By this way of thinking, the central bank must step in and lift interest rates to prevent the rate of inflation from getting out of control.
Recently however, some experts have raised the possibility that the natural unemployment rate is likely to be much lower than the government official estimate of 5.3 percent. In fact, earlier this year, economists at the Chicago Fed argued that the natural unemployment rate since October last year has fallen to 4.3 percent.
The reasons for this decline are demographic changes and an increase in the level of education. (The natural unemployment rate tends to fall, so it is held, with the rising age of the labor force and with its education.)
Experts are of the view that these factors should continue to lower the natural unemployment rate for at least the remainder of the decade.
It is held that a lower natural rate may help explain why wage inflation and price inflation remain low, despite the actual unemployment rate recently reaching 5.5 percent.
Advocates for a lower natural rate also claim a lower rate would mean the Fed can keep interest rates lower for longer without worrying about lifting the rate of inflation.
Why NAIRU Is an Arbitrary Measure
The NAIRU however, is an arbitrary measure; it is derived from a statistical correlation between changes in the consumer price index and the unemployment rate. What matters here for Fed economists and others is whether the theory “works” (i.e., whether it can predict the future rate of increases in the consumer price index).
This way of thinking doesn’t consider whether a theory corresponds to reality. Here we have a framework, which implies that “anything goes” as long as one can make accurate predictions.
The purpose of a theory however is to present the facts of reality in a simplified form. A theory has to originate from reality and not from some arbitrary idea that is based on a statistical correlation.
If “anything goes,” then we could find by means of statistical methods all sorts of formulas that could serve as forecasting devices.
For example, let us assume that high correlation has been established between the income of Mr. Jones and the rate of growth in the consumer price index — the higher the rate of increase of Mr. Jones’s income, the higher the rate of increase in the consumer price index.
Therefore we could easily conclude that in order to exercise control over the rate of inflation the central bank must carefully watch and control the rate of increases in Mr. Jones’s income. The absurdity of this example matches that of the NAIRU framework.
Inflation Is Not Caused by Increased Economic Activity
Contrary to mainstream thinking, strong economic activity as such doesn’t cause a general rise in the prices of goods and services and economic overheating labeled as inflation.
Regardless of the rate of unemployment, as long as every increase in expenditure is supported by production, no overheating can occur.
The overheating emerges once expenditure is rising without the backup of production — for instance, when the money stock is increasing. Once money increases, it generates an exchange of nothing for something, or consumption without preceding production, which leads to the erosion of real wealth.
As a rule, rises in the money stock are followed by rises in the prices of goods and services.
Prices are another name for the amount of money that people spend on goods they buy.

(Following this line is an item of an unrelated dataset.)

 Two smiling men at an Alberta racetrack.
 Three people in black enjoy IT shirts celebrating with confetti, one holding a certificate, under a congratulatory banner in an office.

If the amount of money in an economy increases while the number of goods remains unchanged more money will be spent on the given number of goods i.e., prices will increase.
Conversely, if the stock of money remains unchanged it is not possible to spend more on all the goods and services; hence no general rise in prices is possible. By the same logic, in a growing economy with a growing number of goods and an unchanged money stock, prices will fall.